• [ACTIVITY] Write out exactly, and only, the lines below from the line with "Puppy Group Play Saturdays 9am" through the line with "Close up of"; pictures do not belong in the copy.

• [GIVEN RECORDS]
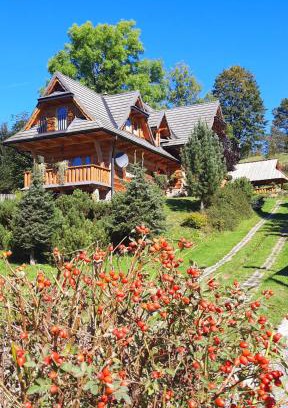 Witow Ski Chalet | Domek Kojsówka
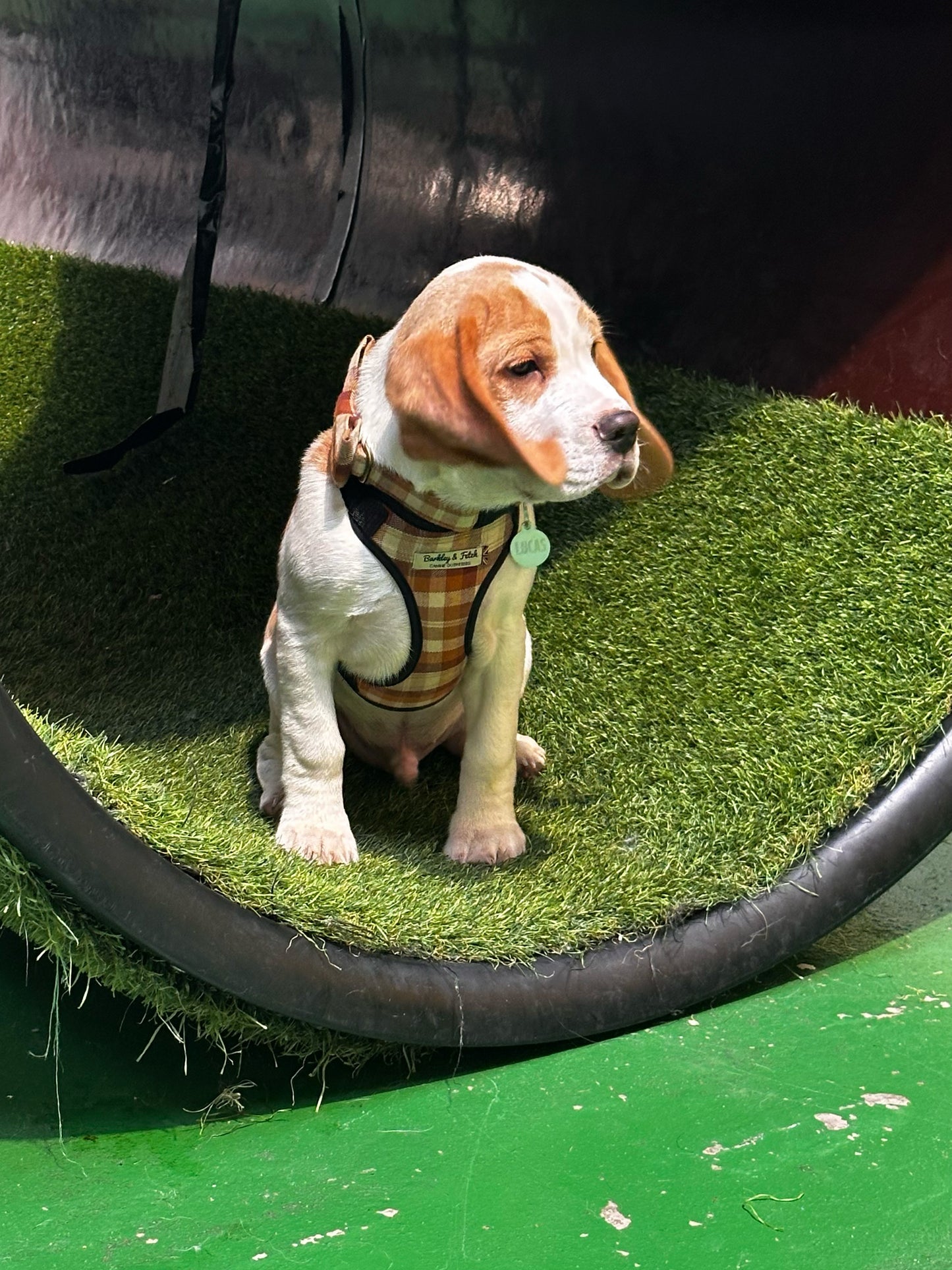 Puppy Group Play Saturdays 9am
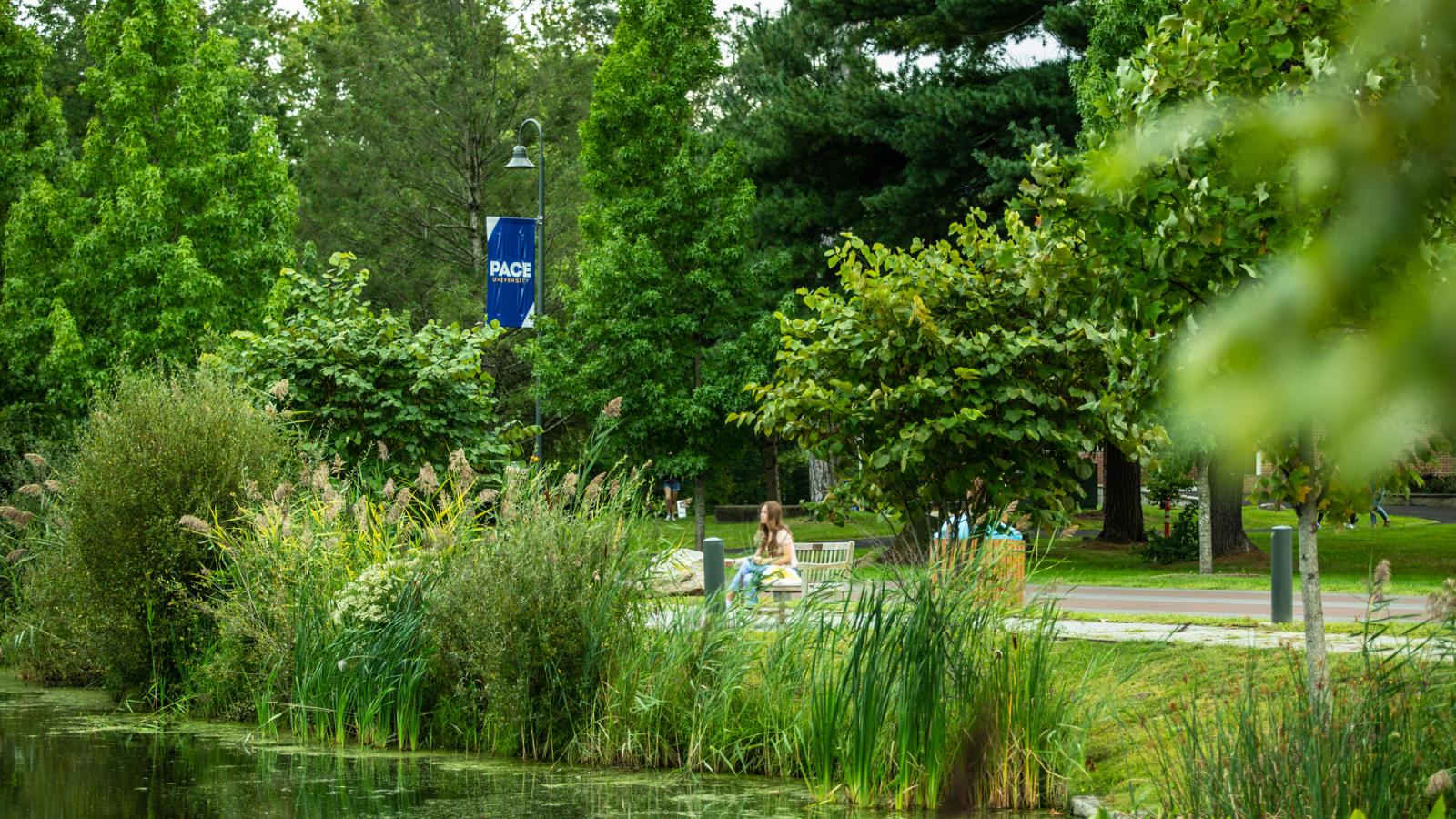 woman sitting on bench in pleasantville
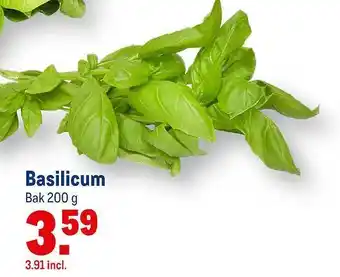 Makro Basilicum aanbieding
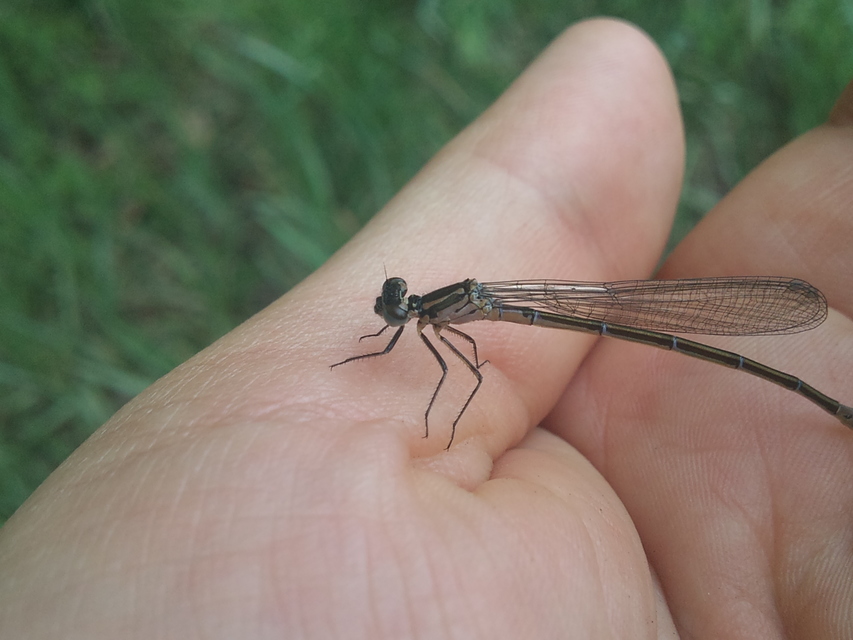Coenagrion pulchellum - karcsú légivadász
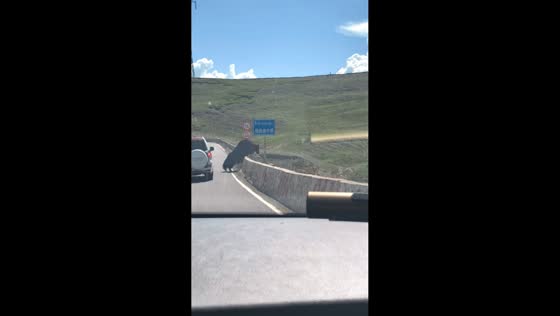 Yak leaps over concrete guardrail along mountain highway in Tibet, China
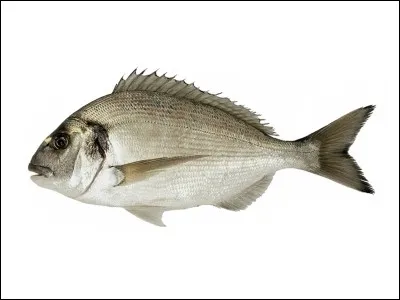 Quel est cet animal ?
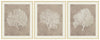 Hendridge Wall Art (Set of 3)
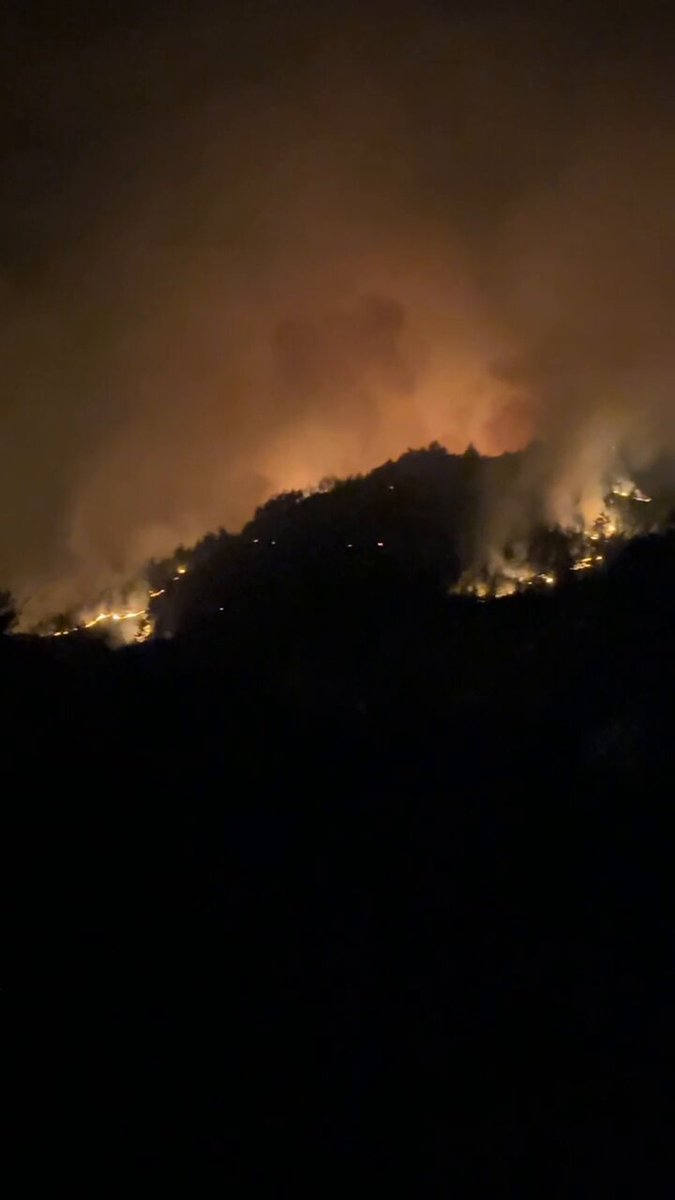 Sakarya Orman Yangınında Mahsur Kalan Hayvanların Çığlıkları Yürekleri Burktu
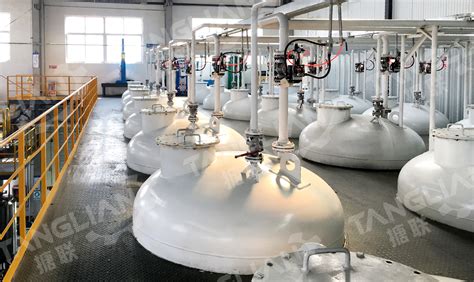 Glass Lined Reactor Manufacturer Made In China Tanglian Chemistry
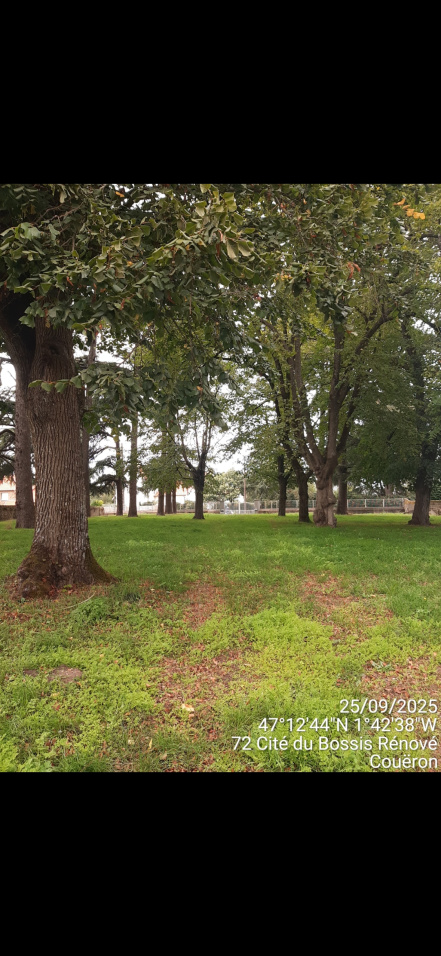 Image d'illustration pour : AR 98/100 Image d'illustration pour : AR 98/100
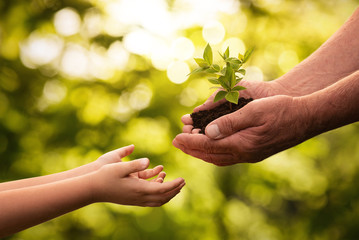 Close up of senior hands giving small plant to a child over defocused green background with copy...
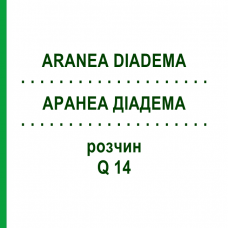 АРАНЕА ДІАДЕМА (ARANEA DIADEMA) Q 14 розчин 15 мл - Гомеопатія GUDJONS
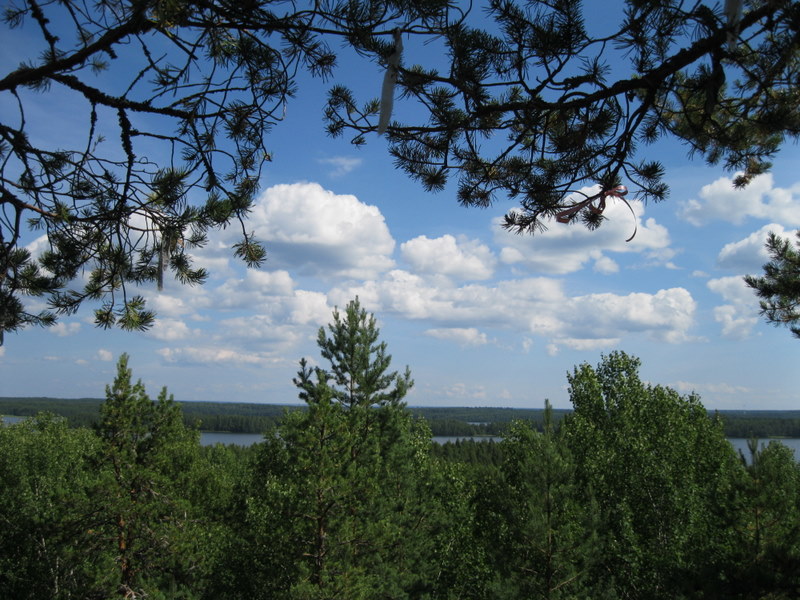 Кончозеро, image of landscape/habitat.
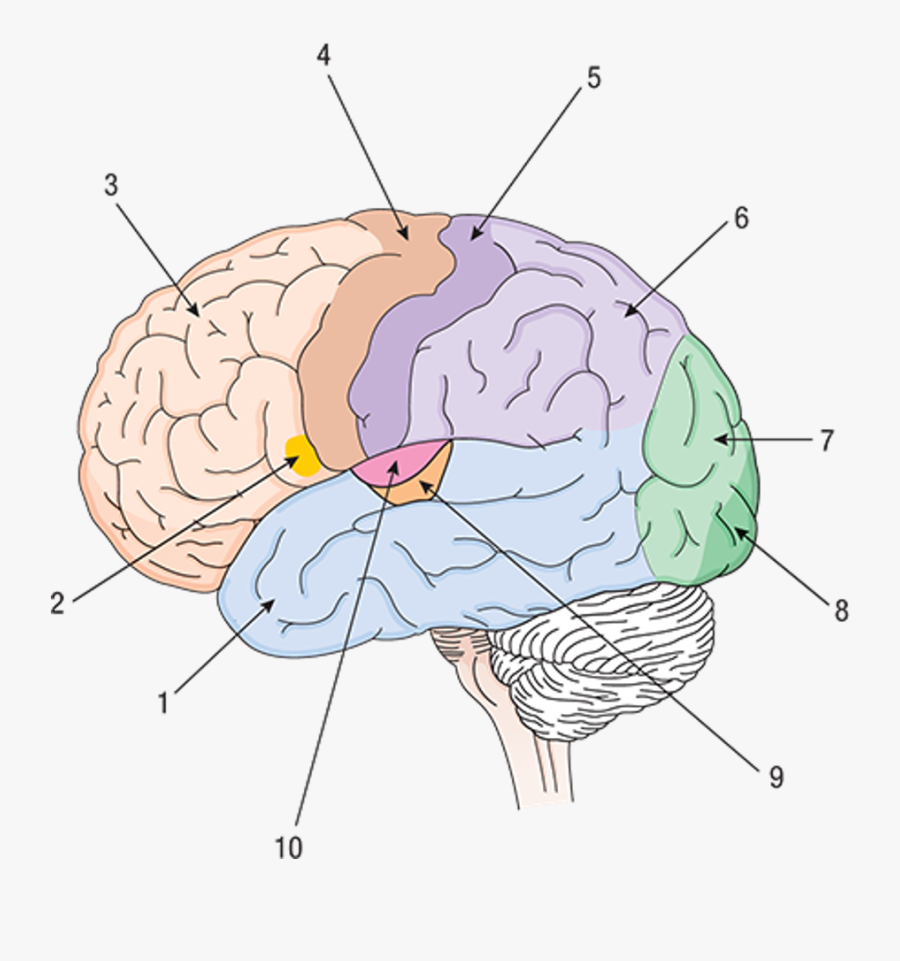 Illustration, Transparent Clipart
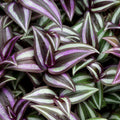 5 Wandering Jew Plants Live Houseplants Cuttings, Purple Wandering Jew Cuttings, Tradescantia Zebrina Live Plant Cuttings Not Plant, No Root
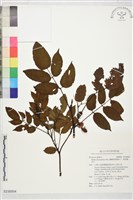 蘭嶼榿葉懸鉤子、榿葉懸鉤子藏品圖，第1張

• [RESPONSE TO THIS TASK]
 Puppy Group Play Saturdays 9am
 woman sitting on bench in pleasantville
 Makro Basilicum aanbieding
Coenagrion pulchellum - karcsú légivadász
 Yak leaps over concrete guardrail along mountain highway in Tibet, China
 Quel est cet animal ?
 Hendridge Wall Art (Set of 3)
 Sakarya Orman Yangınında Mahsur Kalan Hayvanların Çığlıkları Yürekleri Burktu
 Glass Lined Reactor Manufacturer Made In China Tanglian Chemistry
 Image d'illustration pour : AR 98/100 Image d'illustration pour : AR 98/100
 Close up of senior hands giving small plant to a child over defocused green background with copy...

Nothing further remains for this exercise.